▶ EXERCISE GOAL: Output every entry below word for word, minus the images.
DATA TO EXAMINE: Begin
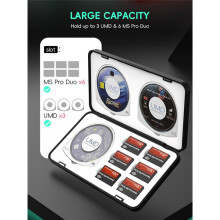 Caixa de armazenamento de cartões de jogo para PSP 1000 2000 3000 PS Vita, suporte portátil para cartão de memória M2/MS Pro Duo, organizador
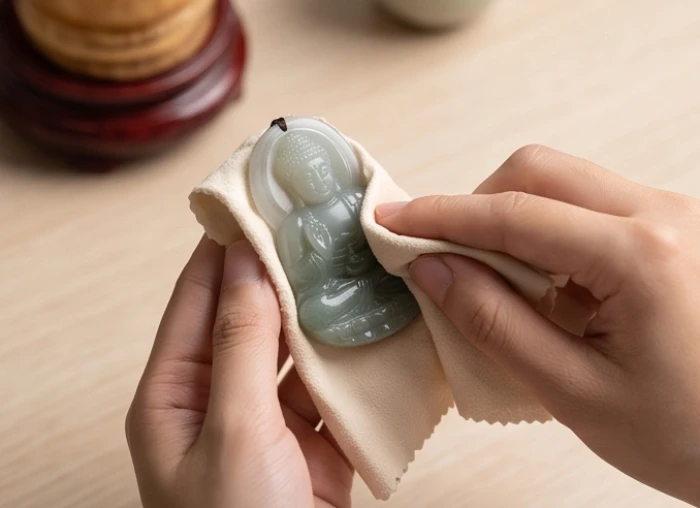 Dùng khăn bông mềm nhúng dung dịch nước tinh khiết pha rượu trắng để lau sạch mặt phật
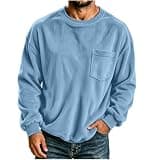 Mens Corduroy Crewneck Sweatshirt Long Sleeve Loose Soft Warm Shirts Fall Winter Comfy Trendy Casual Pullover Top Light Blue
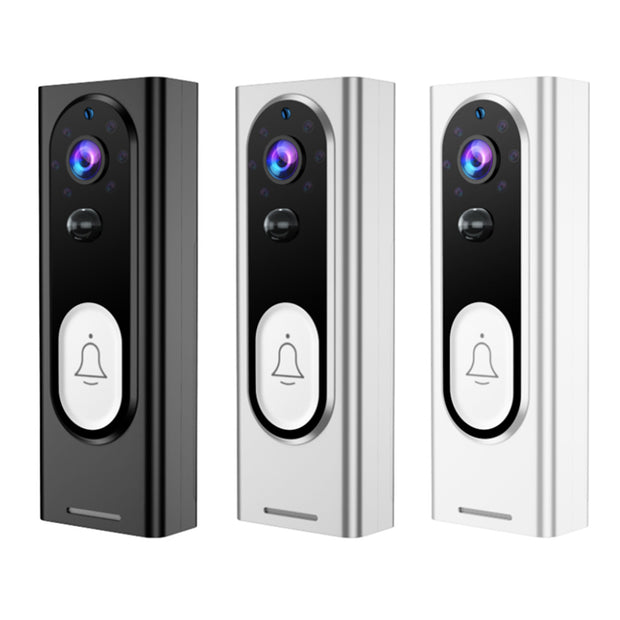 Three smart video doorbells in black, silver, and white with camera lens and bell icon button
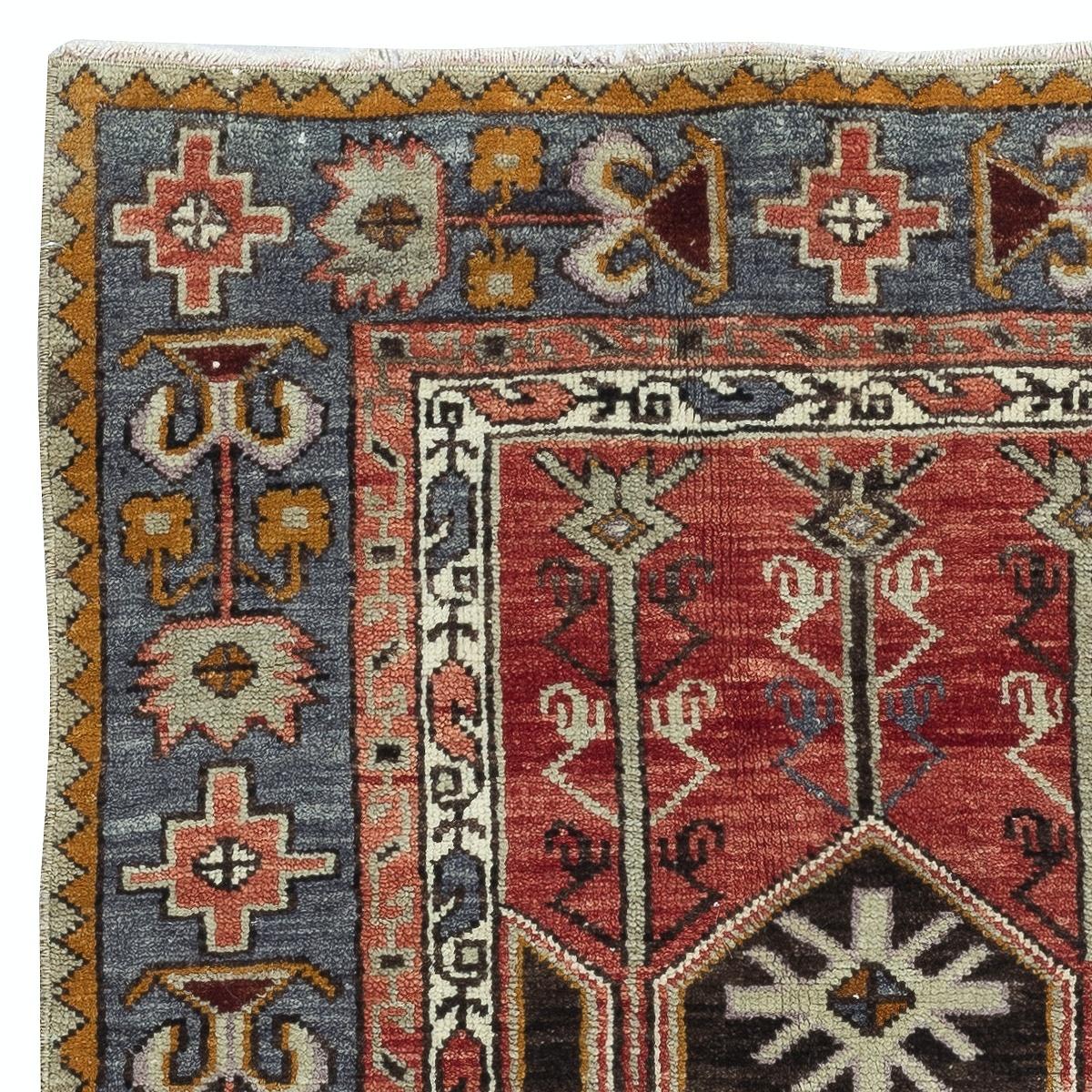 Hand-Knotted 32x54 in Vintage Handmade Turkish Konya Prayer Rug, 100% Wool For Sale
DATA TO EXAMINE: End
▶ TASK OUTPUT:
 Caixa de armazenamento de cartões de jogo para PSP 1000 2000 3000 PS Vita, suporte portátil para cartão de memória M2/MS Pro Duo, organizador
 Dùng khăn bông mềm nhúng dung dịch nước tinh khiết pha rượu trắng để lau sạch mặt phật
 Mens Corduroy Crewneck Sweatshirt Long Sleeve Loose Soft Warm Shirts Fall Winter Comfy Trendy Casual Pullover Top Light Blue
 Three smart video doorbells in black, silver, and white with camera lens and bell icon button
 Hand-Knotted 32x54 in Vintage Handmade Turkish Konya Prayer Rug, 100% Wool For Sale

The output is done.